# Activity
Reproduce the records below word for word.

·····

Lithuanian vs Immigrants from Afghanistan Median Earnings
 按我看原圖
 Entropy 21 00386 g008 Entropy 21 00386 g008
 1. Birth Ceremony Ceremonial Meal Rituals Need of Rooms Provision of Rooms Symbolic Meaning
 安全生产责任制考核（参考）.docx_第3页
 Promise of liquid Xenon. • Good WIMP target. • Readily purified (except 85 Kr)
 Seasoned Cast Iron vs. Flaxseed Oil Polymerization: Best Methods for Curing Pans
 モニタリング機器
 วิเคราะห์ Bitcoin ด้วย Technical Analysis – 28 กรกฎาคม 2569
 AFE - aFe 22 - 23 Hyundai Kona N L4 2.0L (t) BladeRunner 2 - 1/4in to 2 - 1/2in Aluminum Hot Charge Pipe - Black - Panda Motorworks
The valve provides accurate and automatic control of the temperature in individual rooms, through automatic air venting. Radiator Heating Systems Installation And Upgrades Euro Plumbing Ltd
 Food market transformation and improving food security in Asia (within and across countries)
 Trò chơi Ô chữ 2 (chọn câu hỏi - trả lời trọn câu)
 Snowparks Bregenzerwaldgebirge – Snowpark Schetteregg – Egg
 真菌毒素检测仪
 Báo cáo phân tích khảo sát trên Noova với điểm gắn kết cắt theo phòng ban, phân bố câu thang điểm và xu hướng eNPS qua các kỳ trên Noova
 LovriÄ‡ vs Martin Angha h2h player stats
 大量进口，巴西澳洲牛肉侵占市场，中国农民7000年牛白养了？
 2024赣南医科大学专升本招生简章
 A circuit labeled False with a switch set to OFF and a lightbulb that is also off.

·····

# Solution for this problem
Lithuanian vs Immigrants from Afghanistan Median Earnings
 按我看原圖
 Entropy 21 00386 g008 Entropy 21 00386 g008
 1. Birth Ceremony Ceremonial Meal Rituals Need of Rooms Provision of Rooms Symbolic Meaning
 安全生产责任制考核（参考）.docx_第3页
 Promise of liquid Xenon. • Good WIMP target. • Readily purified (except 85 Kr)
 Seasoned Cast Iron vs. Flaxseed Oil Polymerization: Best Methods for Curing Pans
 モニタリング機器
 วิเคราะห์ Bitcoin ด้วย Technical Analysis – 28 กรกฎาคม 2569
 AFE - aFe 22 - 23 Hyundai Kona N L4 2.0L (t) BladeRunner 2 - 1/4in to 2 - 1/2in Aluminum Hot Charge Pipe - Black - Panda Motorworks
The valve provides accurate and automatic control of the temperature in individual rooms, through automatic air venting. Radiator Heating Systems Installation And Upgrades Euro Plumbing Ltd
 Food market transformation and improving food security in Asia (within and across countries)
 Trò chơi Ô chữ 2 (chọn câu hỏi - trả lời trọn câu)
 Snowparks Bregenzerwaldgebirge – Snowpark Schetteregg – Egg
 真菌毒素检测仪
 Báo cáo phân tích khảo sát trên Noova với điểm gắn kết cắt theo phòng ban, phân bố câu thang điểm và xu hướng eNPS qua các kỳ trên Noova
 LovriÄ‡ vs Martin Angha h2h player stats
 大量进口，巴西澳洲牛肉侵占市场，中国农民7000年牛白养了？
 2024赣南医科大学专升本招生简章
 A circuit labeled False with a switch set to OFF and a lightbulb that is also off.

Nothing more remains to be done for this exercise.